The experiment was conducted from December 2020 to October 2021 at the National Agricultural Research Center (NARC)’s Al Ramtha Experimental Station for TWW Studies in Jordan, which receives an average annual rainfall of approximately 275 mm. Four alternative irrigation techniques were tested: sprinkler, surface drip, subsurface drip, and surface irrigation. The plots were completely randomized, with irrigation systems assigned to 5 × 5 m randomized experimental plots with 3 m spacing between the plots, for a total of 16 plots (Figure 1). Alfalfa seeds (Medicago sativa L.) were sown in April 2021 at a rate of 70 kg/ha, and harvested four times during the experiment on 18 May, 6 June, 28 June, and 3 August 2021.

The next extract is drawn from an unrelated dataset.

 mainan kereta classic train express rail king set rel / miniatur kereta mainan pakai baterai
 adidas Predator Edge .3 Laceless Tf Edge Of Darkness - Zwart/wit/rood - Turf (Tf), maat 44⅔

Domestically, TWW effluent from the Al Ramtha Secondary Wastewater Treatment Plant (RWTP) was used for irrigation. The RWTP is connected to the experimental site via a main HDPE irrigation line, with water filtered through sand and disc filters before use. Four pop-up sprinklers with discharge rates of 0.1 m³·h⁻¹ were installed, one at each corner of the plots. The subsurface drip irrigation system had dripper lines placed 25 cm deep, with 50 cm between adjacent lines and drippers spaced 30 cm apart. Non-leakage pressure-compensated drippers with discharge rates of 2 L·h⁻¹ were used. The surface drip irrigation system was similar, except the dripper lines were positioned on the soil surface.

Irrigation events for each technique were scheduled to occur whenever the available soil water dropped to 30% or below. TWW irrigation was applied using the Penman–Monteith equation, with an anticipated annual irrigation volume of 680 mm. This volume was enhanced by 60%, 70%, 85%, and 90% for surface, sprinkler, drip, and subsurface irrigation systems, respectively, to account for system efficiency. Overall, a yearly irrigation volume of 1044 mm was provided, with sprinkler irrigation delivering 969.7 mm, drip irrigation 798.6 mm, and subsurface irrigation 754.1 mm. Each system was connected by a separate pipe directly from the treatment station.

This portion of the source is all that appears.